=== Activity ===
In your copy, leave out the pictures and output only the lines from the one holding "[upl. by Flory]" through the end of the data below, exactly.

=== Data supplied ===
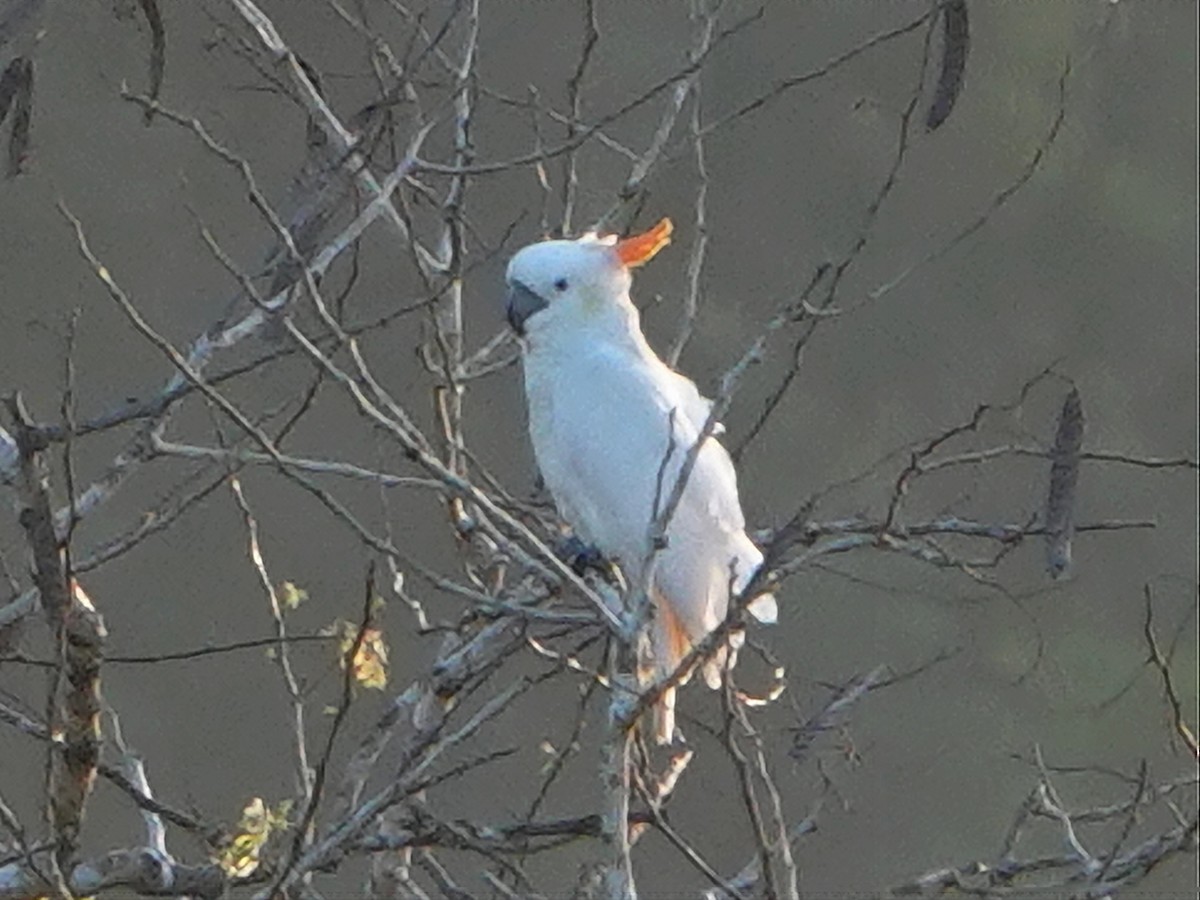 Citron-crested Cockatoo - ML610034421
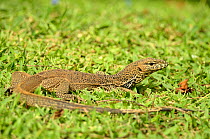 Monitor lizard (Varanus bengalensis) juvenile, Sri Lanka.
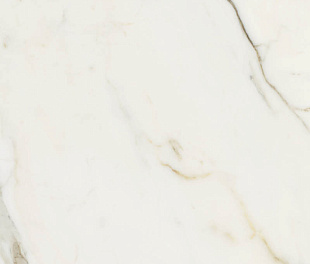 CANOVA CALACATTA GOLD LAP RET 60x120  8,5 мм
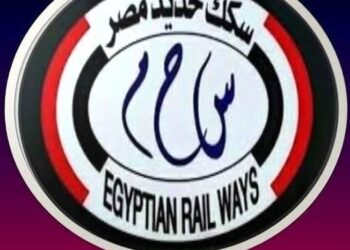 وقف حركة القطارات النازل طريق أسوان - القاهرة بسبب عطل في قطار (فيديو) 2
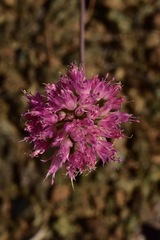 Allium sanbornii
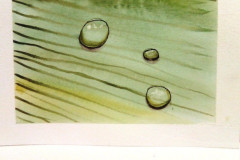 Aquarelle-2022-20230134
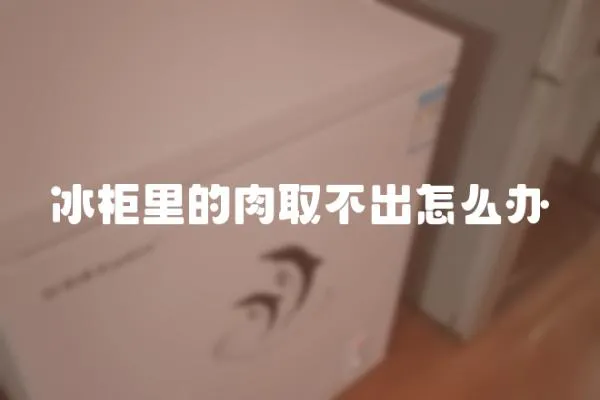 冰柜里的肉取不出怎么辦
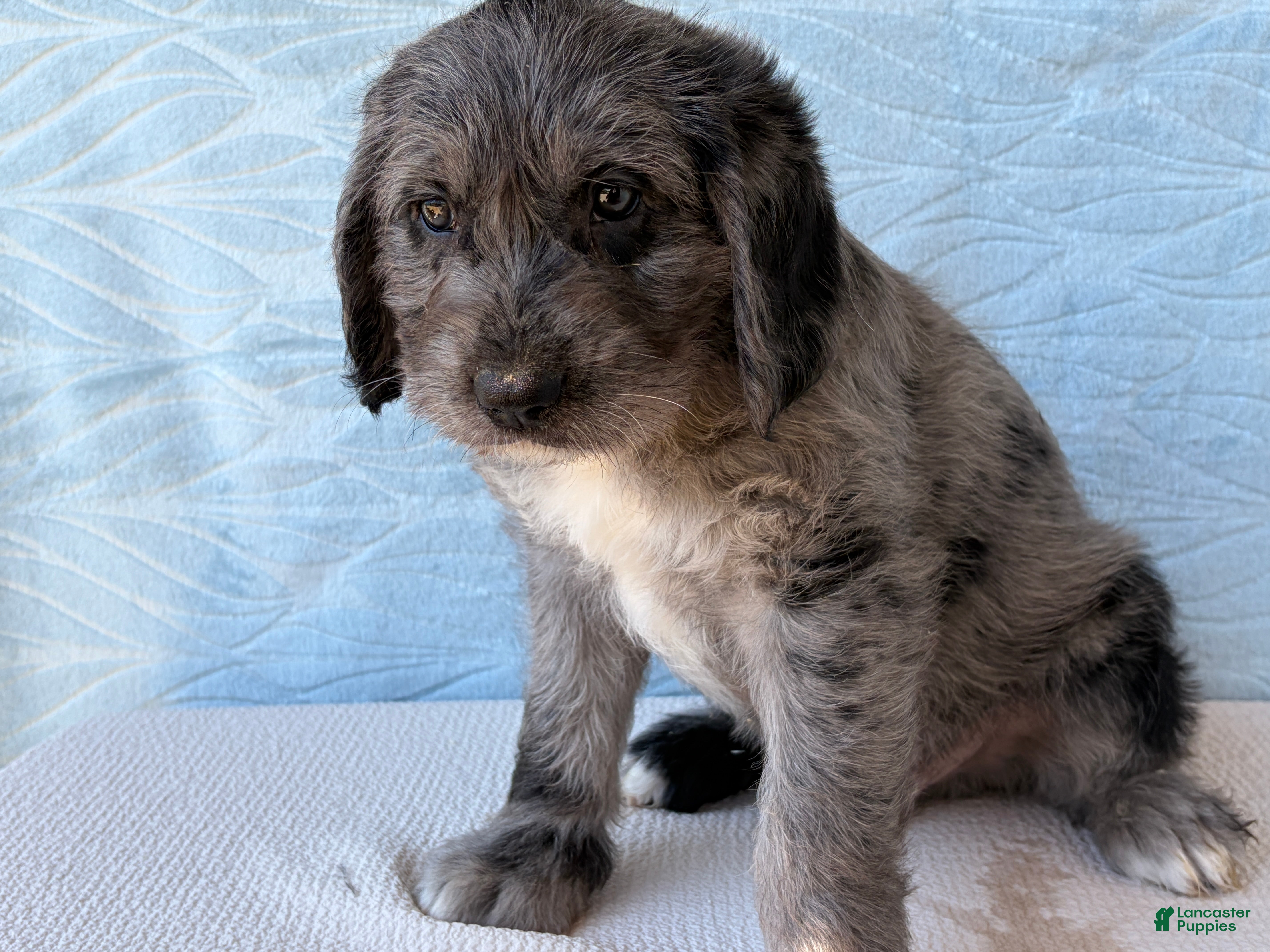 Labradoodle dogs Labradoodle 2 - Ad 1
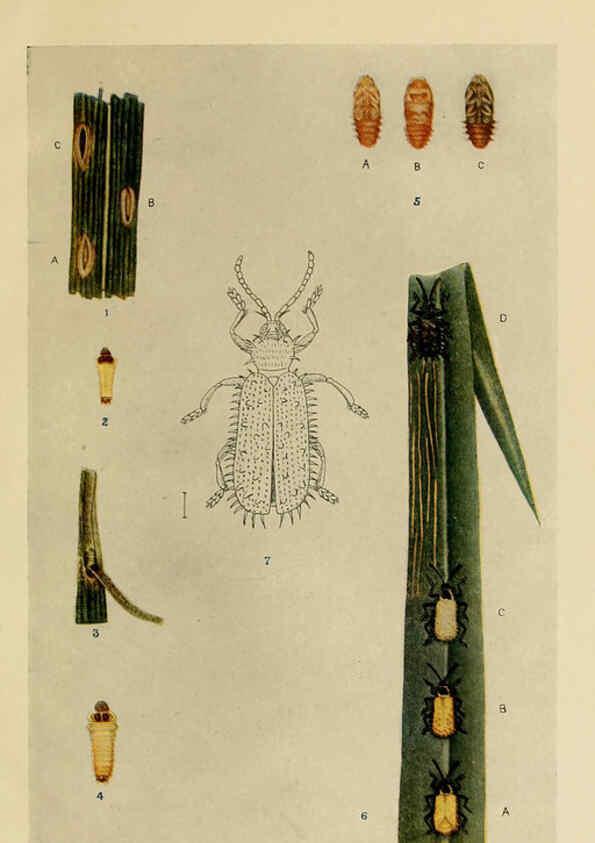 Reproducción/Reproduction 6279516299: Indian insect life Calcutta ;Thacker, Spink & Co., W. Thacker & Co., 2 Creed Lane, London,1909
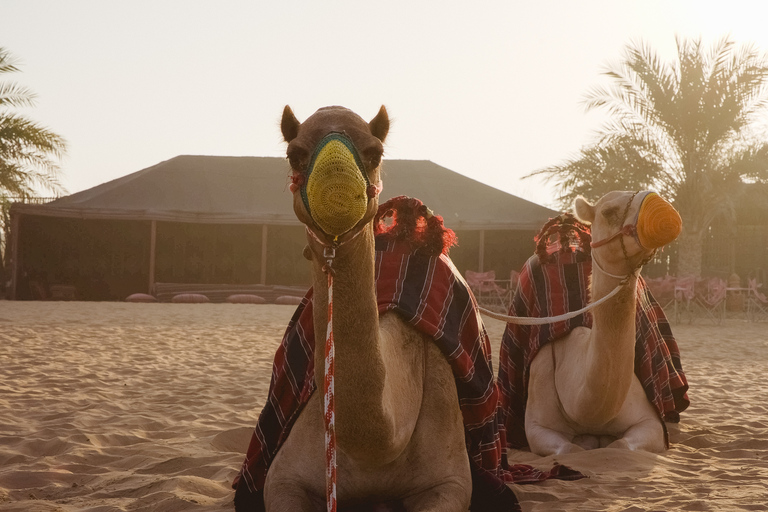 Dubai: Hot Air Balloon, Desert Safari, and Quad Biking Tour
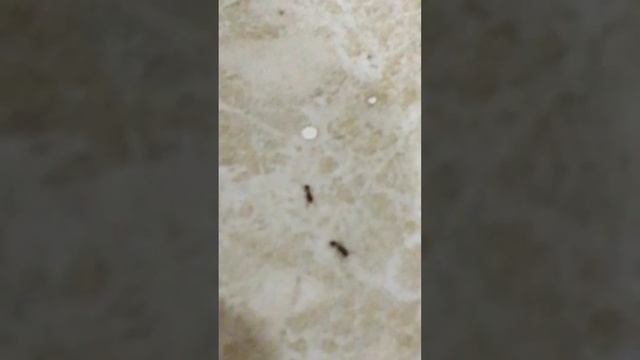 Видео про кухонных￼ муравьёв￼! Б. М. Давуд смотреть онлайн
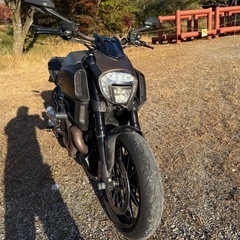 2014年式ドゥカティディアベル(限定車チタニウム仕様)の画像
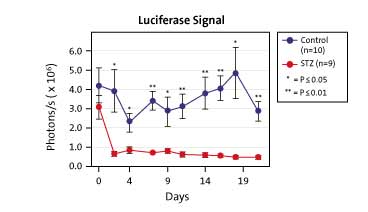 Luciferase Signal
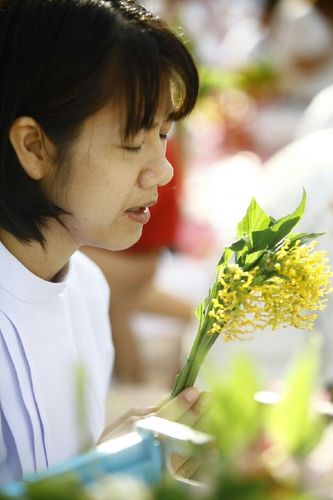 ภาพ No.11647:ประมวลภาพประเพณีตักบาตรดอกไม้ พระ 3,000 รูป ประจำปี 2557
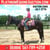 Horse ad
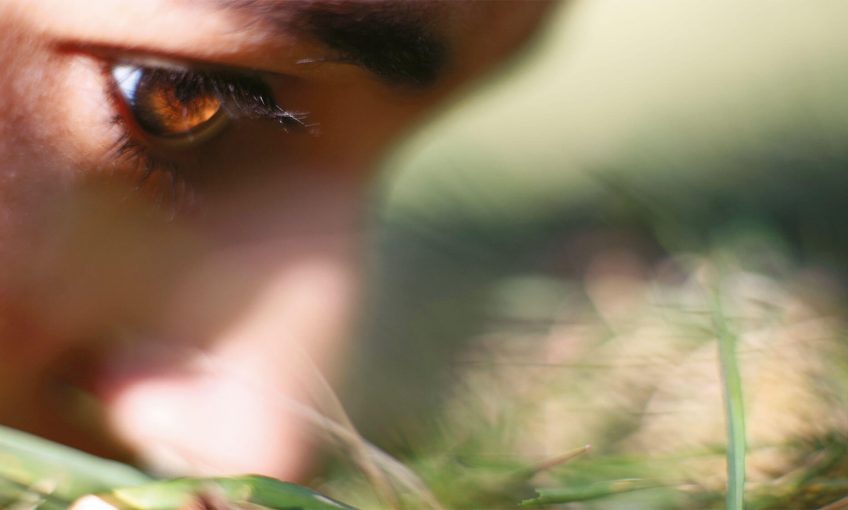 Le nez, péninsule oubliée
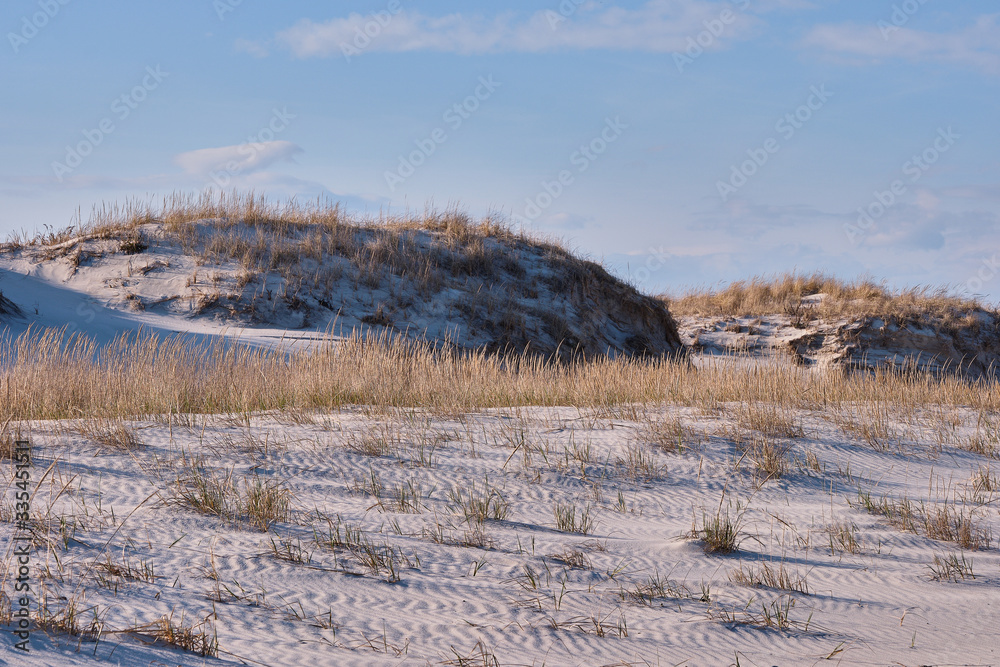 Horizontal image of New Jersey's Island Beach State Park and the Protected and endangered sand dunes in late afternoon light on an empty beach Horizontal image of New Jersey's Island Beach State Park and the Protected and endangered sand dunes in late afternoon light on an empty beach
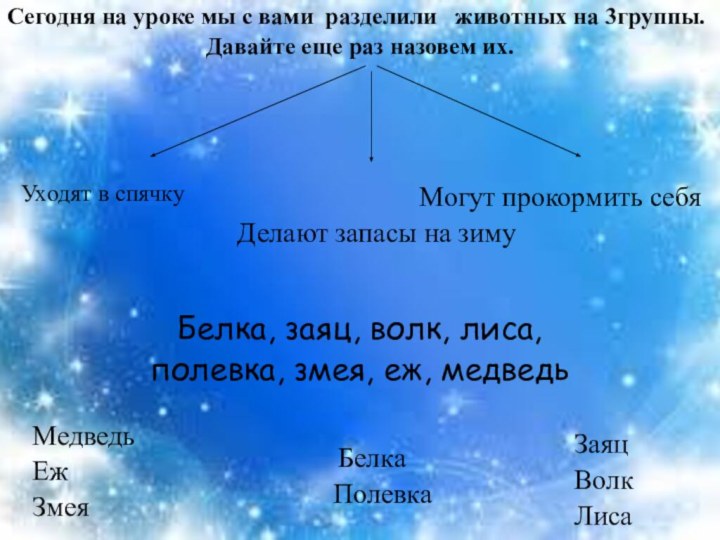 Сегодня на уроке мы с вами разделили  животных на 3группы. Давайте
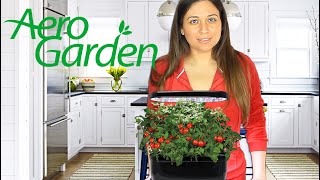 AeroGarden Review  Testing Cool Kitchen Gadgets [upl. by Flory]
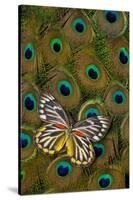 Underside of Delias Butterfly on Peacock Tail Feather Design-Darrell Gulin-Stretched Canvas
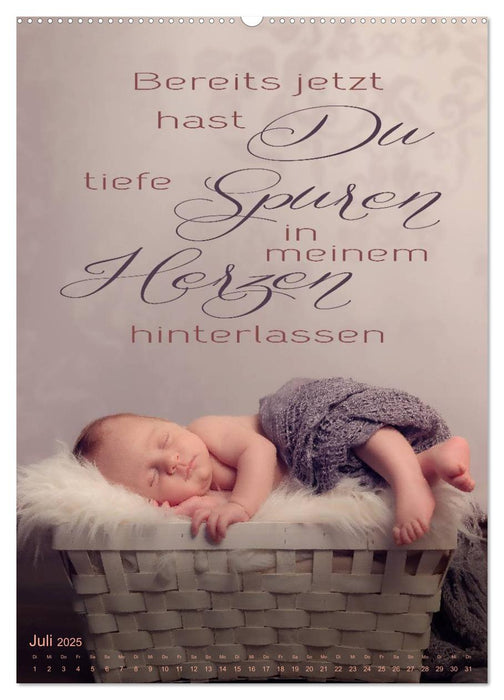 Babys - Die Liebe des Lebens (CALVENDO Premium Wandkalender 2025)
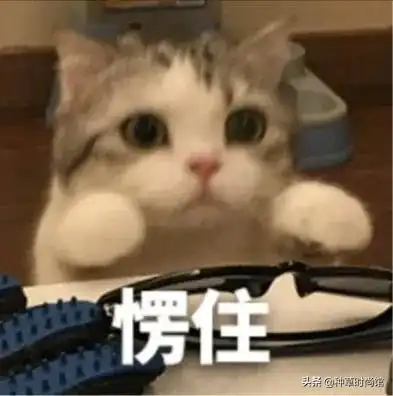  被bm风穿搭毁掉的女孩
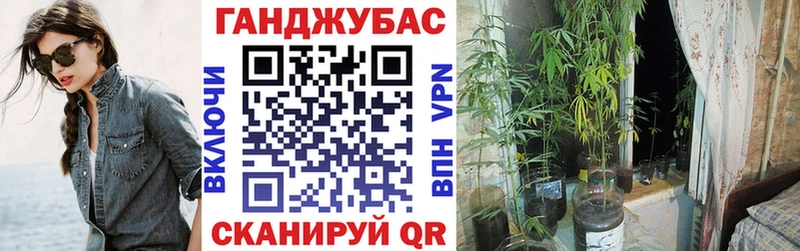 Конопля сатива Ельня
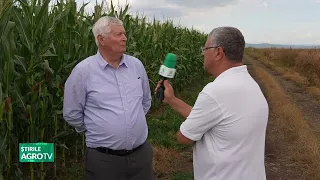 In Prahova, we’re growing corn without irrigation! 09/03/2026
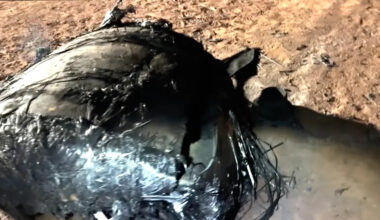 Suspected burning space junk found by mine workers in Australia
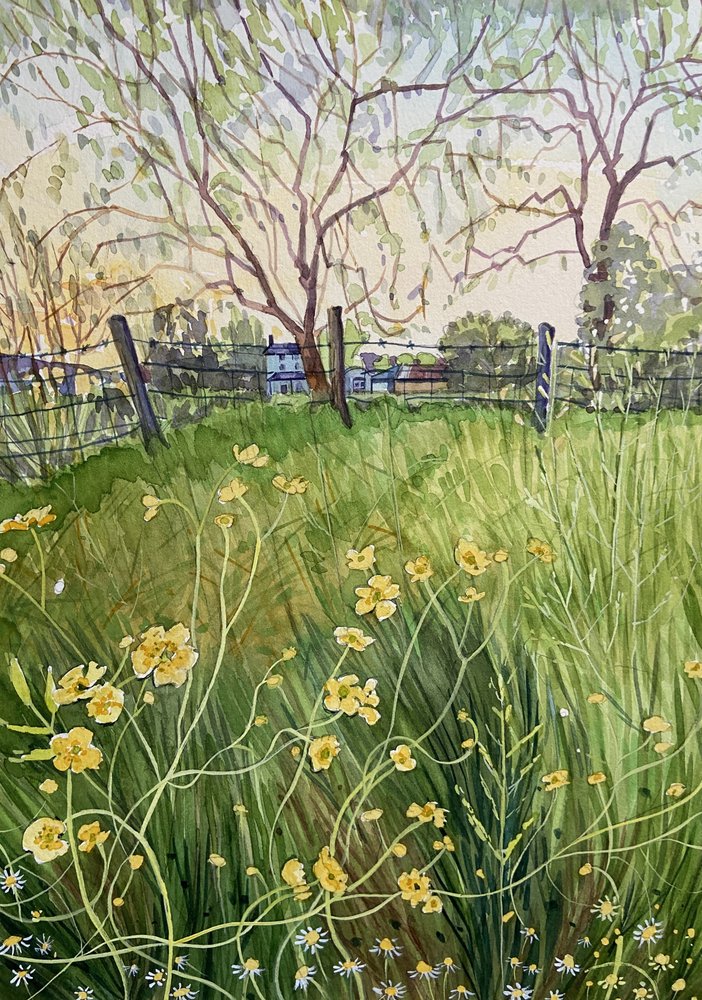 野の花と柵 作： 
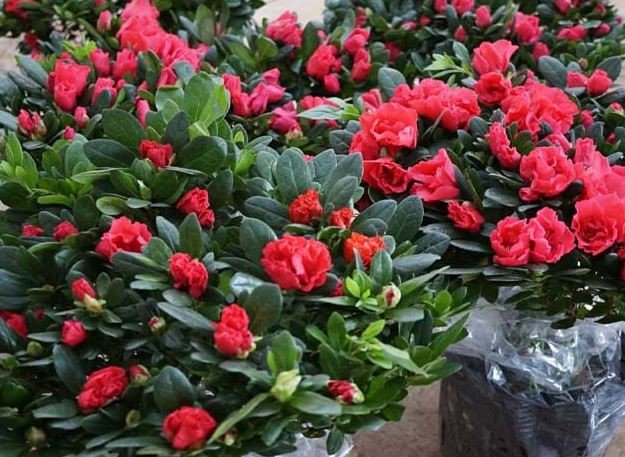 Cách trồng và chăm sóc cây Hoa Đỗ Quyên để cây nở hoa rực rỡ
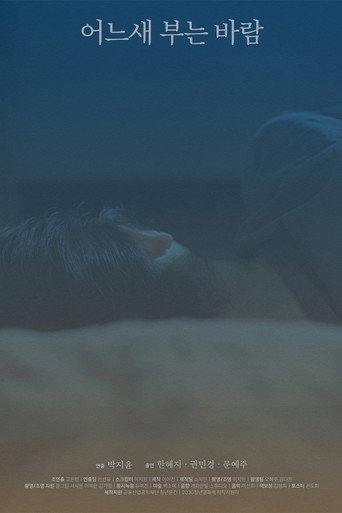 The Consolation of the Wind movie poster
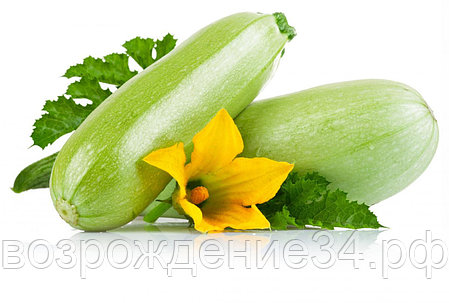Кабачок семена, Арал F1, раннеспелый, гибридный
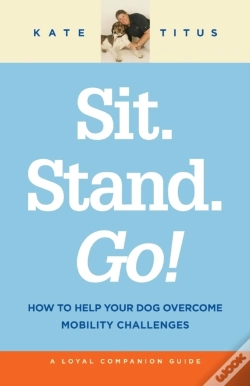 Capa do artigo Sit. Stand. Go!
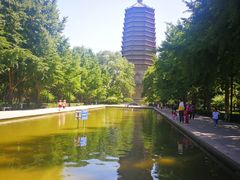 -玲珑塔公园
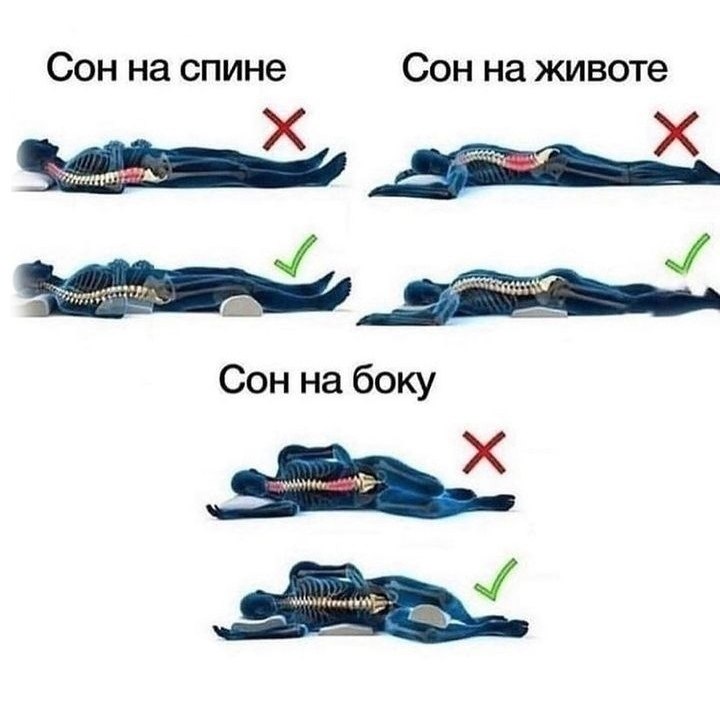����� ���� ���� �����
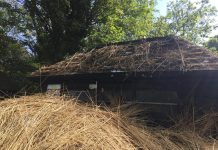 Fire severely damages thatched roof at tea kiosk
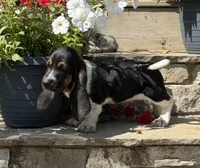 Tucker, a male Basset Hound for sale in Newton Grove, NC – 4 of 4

=== Solution ===
 AeroGarden Review  Testing Cool Kitchen Gadgets [upl. by Flory]
 Underside of Delias Butterfly on Peacock Tail Feather Design-Darrell Gulin-Stretched Canvas
 Babys - Die Liebe des Lebens (CALVENDO Premium Wandkalender 2025)
  被bm风穿搭毁掉的女孩
 Конопля сатива Ельня
 In Prahova, we’re growing corn without irrigation! 09/03/2026
 Suspected burning space junk found by mine workers in Australia
 野の花と柵 作： 
 Cách trồng và chăm sóc cây Hoa Đỗ Quyên để cây nở hoa rực rỡ
 The Consolation of the Wind movie poster
Кабачок семена, Арал F1, раннеспелый, гибридный
 Capa do artigo Sit. Stand. Go!
 -玲珑塔公园
����� ���� ���� �����
 Fire severely damages thatched roof at tea kiosk
 Tucker, a male Basset Hound for sale in Newton Grove, NC – 4 of 4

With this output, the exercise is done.